Property values in Ras Al Khaimah have seriously skyrocketed over the past year. According to the latest data, prices have climbed as much as 18.5% across both residential and commercial real estate.
Both apartments and villas saw a notable uptick in interest and values over 2023. Popular areas like Al Hamra Village, Al Marjan Island, and Mina Al Arab witnessed price hikes between 5 – 18.5%, indicating the market’s robust health. Rental yields also remain lucrative topping 11.8% for some apartment buildings.
Several factors underpin RAK’s rise. The emirate’s business-friendly policies, including zero taxes and full foreign ownership, have won over investors globally. Major hospitality and residential projects like the upcoming Wynn Hotel and Emaar Address Residences Phase 2 Al Marjan which recently launched, highlight the scope for development.

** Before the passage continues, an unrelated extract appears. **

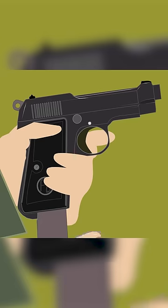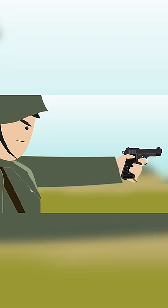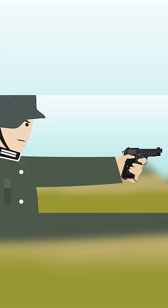The Beretta M1934 was a blowback action, relatively small, very light, but had less power than most service pistols of the war. Because of its good quality, the Germans continued the production of the M1934 when they took over the Beretta factories in 1943.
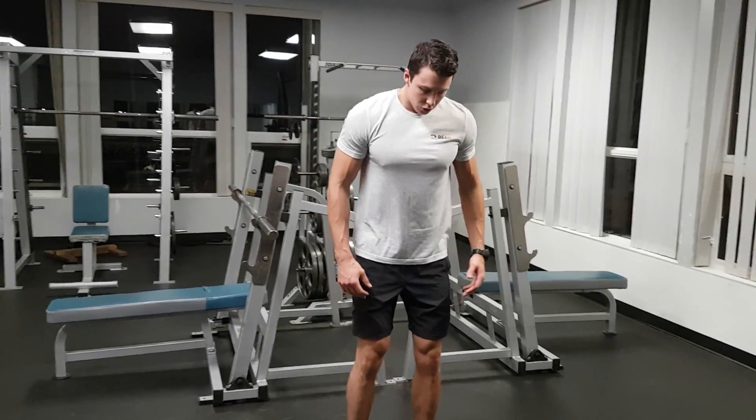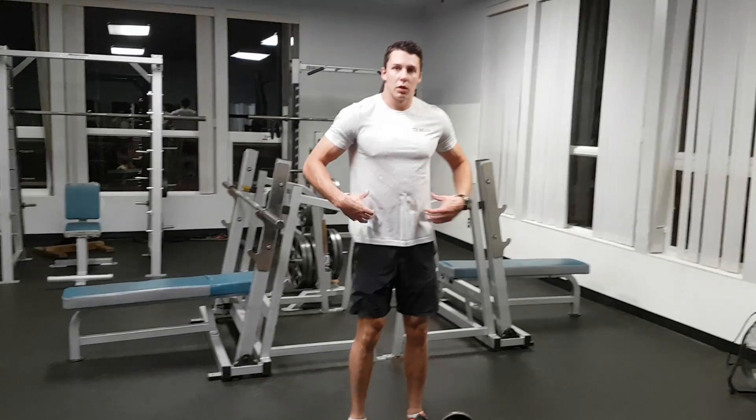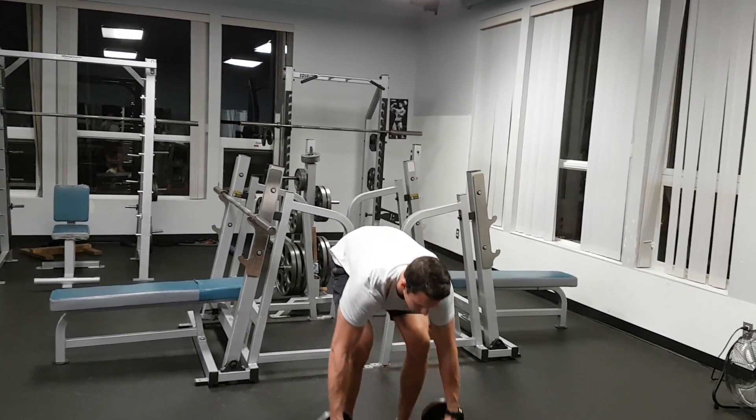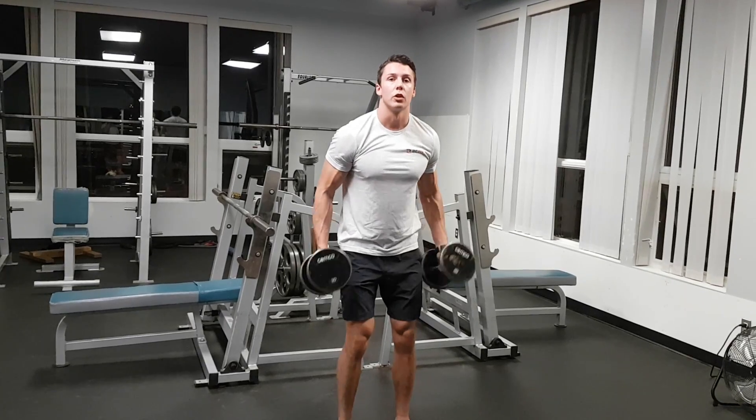Standing Dumbbell Shoulder Press. For this one we want a nice tight core so we're not using our back, legs hip-width apart. Take the weight up and just do a curl up to the top.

Overall, RAK seems poised for sustainable expansion.
According to the experts. “During 2023, we witnessed dynamic growth in RAK real estate. The buzz of opportunity is attracting regional and global investors who recognize RAK as a potential hotspot”.
The Ras Al Khaimah government’s strategic vision and initiatives for the thriving market. With mega-announcements still in the pipeline, RAK has cemented itself as the UAE’s next go-to destination for property buyers from Dubai to New York.
The report analyzed search data on its portal during 2023. For apartment buyers and renters, Al Hamra Village led demand, with prices and rents climbing by 7 – 10%. The high-end Al Marjan Island and Mina Al Arab also saw interest. On the villa front, Al Hamra Village and Mina Al Arab remained preferred choices, with rising rental but marginally cheaper sale prices. As RAK charts an ambitious growth trajectory, its real estate market looks set for an eventful 2024. With urban expansion plans and new attractions in the works, investors can expect the good times to continue rolling if they park their money in this once-quiet emirate now solidifying itself as a real estate gem.